[TASK DETAILS] Would you return, word for word, the lines of the data below from the line with "2018 Mercedes-Benz C-Class Image 1" through the line with "Jual rumah baru", and no others?

[Extracted records]
━━━━━━

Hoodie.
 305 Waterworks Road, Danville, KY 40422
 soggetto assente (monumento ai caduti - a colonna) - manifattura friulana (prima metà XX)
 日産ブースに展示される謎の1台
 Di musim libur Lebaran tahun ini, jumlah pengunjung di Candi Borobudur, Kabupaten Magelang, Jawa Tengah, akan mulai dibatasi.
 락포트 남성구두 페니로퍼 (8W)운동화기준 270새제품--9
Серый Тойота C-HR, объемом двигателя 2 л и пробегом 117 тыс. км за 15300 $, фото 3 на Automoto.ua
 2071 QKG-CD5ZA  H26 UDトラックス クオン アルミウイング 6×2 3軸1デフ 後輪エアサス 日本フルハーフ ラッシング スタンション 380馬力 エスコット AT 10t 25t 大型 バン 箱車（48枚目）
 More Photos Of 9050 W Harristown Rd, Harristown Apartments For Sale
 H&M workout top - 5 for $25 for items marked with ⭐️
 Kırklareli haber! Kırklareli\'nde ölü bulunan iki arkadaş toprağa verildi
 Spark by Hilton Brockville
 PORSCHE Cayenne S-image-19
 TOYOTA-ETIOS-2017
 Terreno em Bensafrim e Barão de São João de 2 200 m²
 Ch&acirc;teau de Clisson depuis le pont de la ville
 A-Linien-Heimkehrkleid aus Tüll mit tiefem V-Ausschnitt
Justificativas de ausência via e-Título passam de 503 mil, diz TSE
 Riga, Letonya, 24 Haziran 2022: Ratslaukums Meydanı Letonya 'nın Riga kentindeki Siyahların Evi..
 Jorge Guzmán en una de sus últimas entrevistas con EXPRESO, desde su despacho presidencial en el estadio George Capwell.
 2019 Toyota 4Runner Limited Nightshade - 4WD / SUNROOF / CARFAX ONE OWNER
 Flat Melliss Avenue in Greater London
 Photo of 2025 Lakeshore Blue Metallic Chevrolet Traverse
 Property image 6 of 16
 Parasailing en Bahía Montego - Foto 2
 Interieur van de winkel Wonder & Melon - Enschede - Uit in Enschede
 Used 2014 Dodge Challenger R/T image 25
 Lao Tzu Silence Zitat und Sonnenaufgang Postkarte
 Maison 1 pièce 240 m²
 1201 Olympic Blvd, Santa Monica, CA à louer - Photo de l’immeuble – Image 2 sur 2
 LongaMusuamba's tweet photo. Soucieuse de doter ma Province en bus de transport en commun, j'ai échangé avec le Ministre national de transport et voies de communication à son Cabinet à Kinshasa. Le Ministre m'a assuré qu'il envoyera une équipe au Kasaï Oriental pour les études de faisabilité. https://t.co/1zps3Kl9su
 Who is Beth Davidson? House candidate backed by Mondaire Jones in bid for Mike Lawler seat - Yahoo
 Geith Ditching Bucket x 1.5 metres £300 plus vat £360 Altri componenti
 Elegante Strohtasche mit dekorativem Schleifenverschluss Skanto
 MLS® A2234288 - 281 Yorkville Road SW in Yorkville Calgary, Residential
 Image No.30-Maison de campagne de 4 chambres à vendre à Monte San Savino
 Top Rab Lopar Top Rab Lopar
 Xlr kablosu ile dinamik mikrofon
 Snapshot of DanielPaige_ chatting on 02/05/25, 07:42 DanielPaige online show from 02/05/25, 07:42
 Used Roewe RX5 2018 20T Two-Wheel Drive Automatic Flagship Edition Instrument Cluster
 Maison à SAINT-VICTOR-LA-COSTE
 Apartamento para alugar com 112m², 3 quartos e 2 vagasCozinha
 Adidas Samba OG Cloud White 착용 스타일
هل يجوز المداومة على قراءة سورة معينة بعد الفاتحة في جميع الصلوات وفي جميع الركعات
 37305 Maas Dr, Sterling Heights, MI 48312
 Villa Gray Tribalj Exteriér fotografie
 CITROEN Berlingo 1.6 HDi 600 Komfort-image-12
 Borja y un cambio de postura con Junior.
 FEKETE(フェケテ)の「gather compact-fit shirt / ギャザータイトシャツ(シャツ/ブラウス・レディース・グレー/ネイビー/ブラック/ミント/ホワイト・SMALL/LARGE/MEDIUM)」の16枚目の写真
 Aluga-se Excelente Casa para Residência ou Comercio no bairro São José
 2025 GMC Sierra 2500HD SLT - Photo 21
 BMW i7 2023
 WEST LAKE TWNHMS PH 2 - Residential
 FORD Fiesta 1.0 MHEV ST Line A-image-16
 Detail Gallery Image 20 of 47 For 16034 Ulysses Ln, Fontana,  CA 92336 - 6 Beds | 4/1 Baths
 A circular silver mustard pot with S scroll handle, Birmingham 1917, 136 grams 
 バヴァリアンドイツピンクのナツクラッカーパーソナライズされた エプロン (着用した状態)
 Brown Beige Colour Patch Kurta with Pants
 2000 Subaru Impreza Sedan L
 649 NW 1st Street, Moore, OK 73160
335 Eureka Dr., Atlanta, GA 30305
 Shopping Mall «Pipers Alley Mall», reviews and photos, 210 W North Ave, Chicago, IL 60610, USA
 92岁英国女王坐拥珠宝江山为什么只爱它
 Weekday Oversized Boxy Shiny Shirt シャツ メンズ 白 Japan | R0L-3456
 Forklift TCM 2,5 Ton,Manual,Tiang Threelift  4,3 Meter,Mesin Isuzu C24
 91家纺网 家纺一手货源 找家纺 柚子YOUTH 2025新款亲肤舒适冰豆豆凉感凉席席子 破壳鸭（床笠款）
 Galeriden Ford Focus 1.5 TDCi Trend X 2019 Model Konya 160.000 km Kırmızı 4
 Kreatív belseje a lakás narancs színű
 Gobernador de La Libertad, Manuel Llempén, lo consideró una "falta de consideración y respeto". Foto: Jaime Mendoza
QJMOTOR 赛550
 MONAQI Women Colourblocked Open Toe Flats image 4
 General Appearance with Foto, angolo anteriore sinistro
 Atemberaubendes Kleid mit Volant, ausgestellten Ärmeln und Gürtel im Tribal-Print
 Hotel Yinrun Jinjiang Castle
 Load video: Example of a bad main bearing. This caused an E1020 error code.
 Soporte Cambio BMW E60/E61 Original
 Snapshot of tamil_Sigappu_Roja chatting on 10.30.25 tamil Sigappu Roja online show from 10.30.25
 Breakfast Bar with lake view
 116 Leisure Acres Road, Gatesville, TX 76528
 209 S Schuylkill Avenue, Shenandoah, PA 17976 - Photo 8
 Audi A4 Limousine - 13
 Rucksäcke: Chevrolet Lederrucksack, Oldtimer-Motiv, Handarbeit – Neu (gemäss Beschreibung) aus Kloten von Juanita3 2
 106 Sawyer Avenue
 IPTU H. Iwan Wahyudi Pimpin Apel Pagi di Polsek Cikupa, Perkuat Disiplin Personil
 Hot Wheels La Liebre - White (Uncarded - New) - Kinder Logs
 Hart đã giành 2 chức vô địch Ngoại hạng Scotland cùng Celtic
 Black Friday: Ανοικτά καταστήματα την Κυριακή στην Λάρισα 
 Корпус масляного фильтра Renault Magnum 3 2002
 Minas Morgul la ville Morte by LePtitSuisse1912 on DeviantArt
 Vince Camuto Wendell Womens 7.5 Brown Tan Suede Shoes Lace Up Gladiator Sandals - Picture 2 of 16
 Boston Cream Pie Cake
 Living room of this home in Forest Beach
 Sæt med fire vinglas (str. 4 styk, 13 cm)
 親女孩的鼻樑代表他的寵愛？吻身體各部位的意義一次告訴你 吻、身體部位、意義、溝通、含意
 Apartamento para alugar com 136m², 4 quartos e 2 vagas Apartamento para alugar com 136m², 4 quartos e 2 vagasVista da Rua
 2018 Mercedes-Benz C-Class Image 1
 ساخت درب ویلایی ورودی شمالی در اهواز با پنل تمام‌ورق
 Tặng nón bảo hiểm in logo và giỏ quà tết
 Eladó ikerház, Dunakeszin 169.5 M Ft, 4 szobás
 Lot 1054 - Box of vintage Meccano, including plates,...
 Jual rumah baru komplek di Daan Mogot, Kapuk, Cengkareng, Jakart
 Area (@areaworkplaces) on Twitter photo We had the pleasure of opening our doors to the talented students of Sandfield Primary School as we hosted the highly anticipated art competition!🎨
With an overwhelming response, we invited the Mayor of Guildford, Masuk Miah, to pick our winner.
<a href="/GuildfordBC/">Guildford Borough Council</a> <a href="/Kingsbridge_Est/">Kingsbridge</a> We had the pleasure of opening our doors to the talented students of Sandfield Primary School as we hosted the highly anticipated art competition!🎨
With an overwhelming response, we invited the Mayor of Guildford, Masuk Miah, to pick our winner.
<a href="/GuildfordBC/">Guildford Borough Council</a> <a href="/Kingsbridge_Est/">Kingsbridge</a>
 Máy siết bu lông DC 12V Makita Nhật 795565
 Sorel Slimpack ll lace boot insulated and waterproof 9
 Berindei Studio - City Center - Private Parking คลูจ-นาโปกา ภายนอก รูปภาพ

━━━━━━

[SOLUTION TO THIS TASK]
 2018 Mercedes-Benz C-Class Image 1
 ساخت درب ویلایی ورودی شمالی در اهواز با پنل تمام‌ورق
 Tặng nón bảo hiểm in logo và giỏ quà tết
 Eladó ikerház, Dunakeszin 169.5 M Ft, 4 szobás
 Lot 1054 - Box of vintage Meccano, including plates,...
 Jual rumah baru komplek di Daan Mogot, Kapuk, Cengkareng, Jakart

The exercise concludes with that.